Copy out the entries exactly. Print them in full.

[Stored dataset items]

◇ ◇ ◇ ◇

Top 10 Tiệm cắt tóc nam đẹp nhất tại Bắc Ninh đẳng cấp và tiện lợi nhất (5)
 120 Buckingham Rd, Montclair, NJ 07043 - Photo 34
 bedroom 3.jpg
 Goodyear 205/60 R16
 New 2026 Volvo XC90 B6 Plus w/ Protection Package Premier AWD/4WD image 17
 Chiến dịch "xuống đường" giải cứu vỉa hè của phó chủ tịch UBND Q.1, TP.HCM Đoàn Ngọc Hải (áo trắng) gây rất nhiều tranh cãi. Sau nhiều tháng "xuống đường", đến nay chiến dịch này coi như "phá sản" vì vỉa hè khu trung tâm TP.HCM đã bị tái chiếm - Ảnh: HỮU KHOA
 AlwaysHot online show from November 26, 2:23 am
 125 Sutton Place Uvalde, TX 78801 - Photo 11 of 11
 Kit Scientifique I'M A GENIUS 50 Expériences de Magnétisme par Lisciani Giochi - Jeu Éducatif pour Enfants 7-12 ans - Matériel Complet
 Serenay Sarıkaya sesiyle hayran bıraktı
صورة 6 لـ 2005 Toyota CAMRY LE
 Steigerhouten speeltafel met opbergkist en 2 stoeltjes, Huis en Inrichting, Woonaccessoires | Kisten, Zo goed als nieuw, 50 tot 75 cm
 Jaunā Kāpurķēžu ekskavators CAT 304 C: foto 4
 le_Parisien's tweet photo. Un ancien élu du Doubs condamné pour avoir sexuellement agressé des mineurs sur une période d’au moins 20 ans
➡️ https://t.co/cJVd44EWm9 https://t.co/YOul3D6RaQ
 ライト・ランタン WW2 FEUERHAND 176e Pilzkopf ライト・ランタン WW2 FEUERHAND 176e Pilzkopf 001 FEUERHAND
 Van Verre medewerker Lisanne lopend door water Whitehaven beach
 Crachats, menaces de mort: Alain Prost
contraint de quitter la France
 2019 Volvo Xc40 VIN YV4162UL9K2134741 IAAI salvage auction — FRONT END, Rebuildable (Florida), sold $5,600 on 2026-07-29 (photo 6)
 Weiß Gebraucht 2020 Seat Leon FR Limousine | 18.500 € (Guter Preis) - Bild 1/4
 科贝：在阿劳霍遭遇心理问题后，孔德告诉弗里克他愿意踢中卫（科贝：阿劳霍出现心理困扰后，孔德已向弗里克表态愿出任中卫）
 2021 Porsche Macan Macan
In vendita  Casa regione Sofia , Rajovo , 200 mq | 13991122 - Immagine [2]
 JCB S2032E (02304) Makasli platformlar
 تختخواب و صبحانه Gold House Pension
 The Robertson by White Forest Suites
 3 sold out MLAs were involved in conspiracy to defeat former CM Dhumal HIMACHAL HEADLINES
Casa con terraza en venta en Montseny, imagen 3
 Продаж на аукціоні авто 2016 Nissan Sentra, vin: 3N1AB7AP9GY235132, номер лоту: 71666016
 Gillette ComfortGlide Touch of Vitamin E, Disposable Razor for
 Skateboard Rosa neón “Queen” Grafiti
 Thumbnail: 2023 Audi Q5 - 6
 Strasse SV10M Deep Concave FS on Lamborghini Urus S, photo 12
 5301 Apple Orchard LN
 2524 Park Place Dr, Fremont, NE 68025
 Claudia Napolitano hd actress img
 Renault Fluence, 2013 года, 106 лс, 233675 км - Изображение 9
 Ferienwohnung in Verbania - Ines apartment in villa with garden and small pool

◇ ◇ ◇ ◇

» **Completed task**
Top 10 Tiệm cắt tóc nam đẹp nhất tại Bắc Ninh đẳng cấp và tiện lợi nhất (5)
 120 Buckingham Rd, Montclair, NJ 07043 - Photo 34
 bedroom 3.jpg
 Goodyear 205/60 R16
 New 2026 Volvo XC90 B6 Plus w/ Protection Package Premier AWD/4WD image 17
 Chiến dịch "xuống đường" giải cứu vỉa hè của phó chủ tịch UBND Q.1, TP.HCM Đoàn Ngọc Hải (áo trắng) gây rất nhiều tranh cãi. Sau nhiều tháng "xuống đường", đến nay chiến dịch này coi như "phá sản" vì vỉa hè khu trung tâm TP.HCM đã bị tái chiếm - Ảnh: HỮU KHOA
 AlwaysHot online show from November 26, 2:23 am
 125 Sutton Place Uvalde, TX 78801 - Photo 11 of 11
 Kit Scientifique I'M A GENIUS 50 Expériences de Magnétisme par Lisciani Giochi - Jeu Éducatif pour Enfants 7-12 ans - Matériel Complet
 Serenay Sarıkaya sesiyle hayran bıraktı
صورة 6 لـ 2005 Toyota CAMRY LE
 Steigerhouten speeltafel met opbergkist en 2 stoeltjes, Huis en Inrichting, Woonaccessoires | Kisten, Zo goed als nieuw, 50 tot 75 cm
 Jaunā Kāpurķēžu ekskavators CAT 304 C: foto 4
 le_Parisien's tweet photo. Un ancien élu du Doubs condamné pour avoir sexuellement agressé des mineurs sur une période d’au moins 20 ans
➡️ https://t.co/cJVd44EWm9 https://t.co/YOul3D6RaQ
 ライト・ランタン WW2 FEUERHAND 176e Pilzkopf ライト・ランタン WW2 FEUERHAND 176e Pilzkopf 001 FEUERHAND
 Van Verre medewerker Lisanne lopend door water Whitehaven beach
 Crachats, menaces de mort: Alain Prost
contraint de quitter la France
 2019 Volvo Xc40 VIN YV4162UL9K2134741 IAAI salvage auction — FRONT END, Rebuildable (Florida), sold $5,600 on 2026-07-29 (photo 6)
 Weiß Gebraucht 2020 Seat Leon FR Limousine | 18.500 € (Guter Preis) - Bild 1/4
 科贝：在阿劳霍遭遇心理问题后，孔德告诉弗里克他愿意踢中卫（科贝：阿劳霍出现心理困扰后，孔德已向弗里克表态愿出任中卫）
 2021 Porsche Macan Macan
In vendita  Casa regione Sofia , Rajovo , 200 mq | 13991122 - Immagine [2]
 JCB S2032E (02304) Makasli platformlar
 تختخواب و صبحانه Gold House Pension
 The Robertson by White Forest Suites
 3 sold out MLAs were involved in conspiracy to defeat former CM Dhumal HIMACHAL HEADLINES
Casa con terraza en venta en Montseny, imagen 3
 Продаж на аукціоні авто 2016 Nissan Sentra, vin: 3N1AB7AP9GY235132, номер лоту: 71666016
 Gillette ComfortGlide Touch of Vitamin E, Disposable Razor for
 Skateboard Rosa neón “Queen” Grafiti
 Thumbnail: 2023 Audi Q5 - 6
 Strasse SV10M Deep Concave FS on Lamborghini Urus S, photo 12
 5301 Apple Orchard LN
 2524 Park Place Dr, Fremont, NE 68025
 Claudia Napolitano hd actress img
 Renault Fluence, 2013 года, 106 лс, 233675 км - Изображение 9
 Ferienwohnung in Verbania - Ines apartment in villa with garden and small pool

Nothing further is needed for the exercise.